Évoquer le choix de ces femmes qui réalisent des inséminations artisanales à partir de donneurs de sperme rencontrés sur Internet sonne, pour lui, comme une aberration. "Ces pratiques sont à l'encontre d'une sécurité médicale", tranche-t-il. "Pour nous, médecins, ce n'est pas tolérable".

"Si, en France, nous ne proposons pas cette opportunité aux femmes seules et en couple homosexuel, nous sommes alors responsables du développement des ces méthodes alternatives", dénonce le gynécologue. Celui qui a dédié toute sa vie à la fécondation in vitro et aux recherches scientifiques pour lutter contre l'infertilité regrette qu'en 2019, la France n'ait toujours pas fait évoluer la loi de bioéthique de 1994, qui autorise uniquement les couples hétérosexuels à avoir recours à une procréation médicalement assistée (PMA).
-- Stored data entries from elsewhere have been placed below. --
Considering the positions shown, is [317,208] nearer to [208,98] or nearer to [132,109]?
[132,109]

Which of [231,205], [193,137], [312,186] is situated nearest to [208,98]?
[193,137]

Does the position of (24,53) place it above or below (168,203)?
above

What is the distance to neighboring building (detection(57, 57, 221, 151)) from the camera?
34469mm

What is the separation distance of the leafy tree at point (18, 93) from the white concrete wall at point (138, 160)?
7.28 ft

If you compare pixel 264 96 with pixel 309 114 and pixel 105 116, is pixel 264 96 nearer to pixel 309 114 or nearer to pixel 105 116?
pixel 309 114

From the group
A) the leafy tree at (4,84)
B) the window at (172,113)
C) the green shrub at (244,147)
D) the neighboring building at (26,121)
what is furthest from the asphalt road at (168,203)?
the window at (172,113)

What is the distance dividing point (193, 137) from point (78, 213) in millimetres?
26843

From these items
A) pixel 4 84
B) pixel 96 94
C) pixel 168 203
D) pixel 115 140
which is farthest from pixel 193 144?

La France a tardé à faire évoluer cette loi "en raison des politiques et en particulier des mouvements conservateurs qui veulent protéger le schéma familial traditionnel, en oubliant que 50 % des couples divorcent, qu'il existe un nombre non négligeable de familles monoparentales et que la société a évolué", juge le scientifique.
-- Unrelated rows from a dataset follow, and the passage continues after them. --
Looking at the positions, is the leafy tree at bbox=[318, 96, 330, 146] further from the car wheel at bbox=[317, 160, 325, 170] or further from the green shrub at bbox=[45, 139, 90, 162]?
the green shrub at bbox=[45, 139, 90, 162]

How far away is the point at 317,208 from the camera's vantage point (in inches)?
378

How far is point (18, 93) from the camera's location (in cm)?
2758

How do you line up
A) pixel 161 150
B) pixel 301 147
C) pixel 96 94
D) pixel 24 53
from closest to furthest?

Durant plusieurs mois, les opposants au mariage entre personnes de même sexe, réunis derrière le mouvement "La Manif Pour Tous" ont manifesté dans toute la France, en 2013.

L'élargissement de l'accès à la PMA à toutes les femmes figure pourtant parmi les promesses de campagne d'Emmanuel Macron, mais l'examen du projet de loi est régulièrement reporté. La faute à la crise des Gilets jaunes, se défend le gouvernement. La crainte de revivre la vague de contestation qu'a connu la France avant la loi sur le mariage pour tous, arguent les défenseurs de la PMA pour toutes. L'examen du texte porté par Christiane Taubira en 2013 avait provoqué des manifestations sans précédent, initiées par le mouvement "La Manif pour Tous". Le débat, cette fois sur la PMA, sera-t-il de nouveau porté jusque dans la rue ? C'est là toute la question.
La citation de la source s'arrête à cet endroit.